リューベン・オストルンド監督 スウェーデンデンマーク・フランス・ノルウェー 2015 118分 ☆☆☆☆

空気感がハネケ作品に似ていて、いつヤバイ隣人が登場するかとひやひやしたけど、そういう映画ではなかったものの、違うヒヤヒヤが。品の良い画面に渦巻くブラックなユーモアがめちゃくちゃ楽しい作品。

父トマスと妻エバ、まだ幼い娘と息子の四人家族は久し振りの休暇でアルプスリゾートを訪れる。楽しく過ごしていたが2日目の朝に遭遇した雪崩の際、ついつい我先に逃げ出してしまったトマスの姿を観て、エバや子ども達は釈然としない。以降、亀裂は段々と広がっていく。

とにかく脚本が素晴らしい。誰も怪我を負うこともなかった雪崩をきっかけに家族の信頼関係が崩れていく様を中心に据えながら、リゾートで出会う様々な他のカップル達(浮気旅行であったり、20歳ほども歳の離れた組であったり)も巻き込んで織り成される人間模様の色々が、どの場面もほどよく笑えるビターなコントといった雰囲気で器用にまとめられていて、そしてしっかりと面白い。

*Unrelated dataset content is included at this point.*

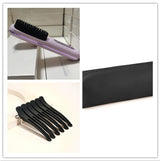 2 In 1 Straight Hair Comb Wireless Hair Straightener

権威の失墜を認められず取り繕おうとしてより泥沼にはまっていくトマスと、そんな彼を見てますます失望を深めていくベラ。二人の雰囲気を察して落ち着かない子ども達。ラストに雪山で行われる家族再生の儀式はあまりにも陳腐だが、あの陳腐さをあえて引き受けてでも、それでも絆は取り戻されなければならないという切実な眼差しが、「家族」という共同体を皮肉りながらも暖かく見つめている。

と、しかしこの映画の楽しいのはそこで終わらないところ。本作ここまでは基本的に夫が株を下げる話なのに対し、最後の最後、だめ押しのように投下されるバスでのエピソードは、ここにきて妻のあれこれを嫌な感じで炸裂させていく。そして映画を閉じていく脚本家の底意地の悪さに、自分はとても共感を覚えた。

あんまりカップルや夫婦では観ないほうがいいかもしれない。そして家族を含め共同体は何でもそうだけど、「ほどほど」がいいのかなと改めて思う。そんな映画。

ついつい脚本について語りたくなる本作だけど、ヨーロッパらしい綺麗で終始落ち着いた画作りや音楽の使い方もうまく、進行テンポの塩梅なんかも丁度良い。全方位にこれといった隙のない秀作。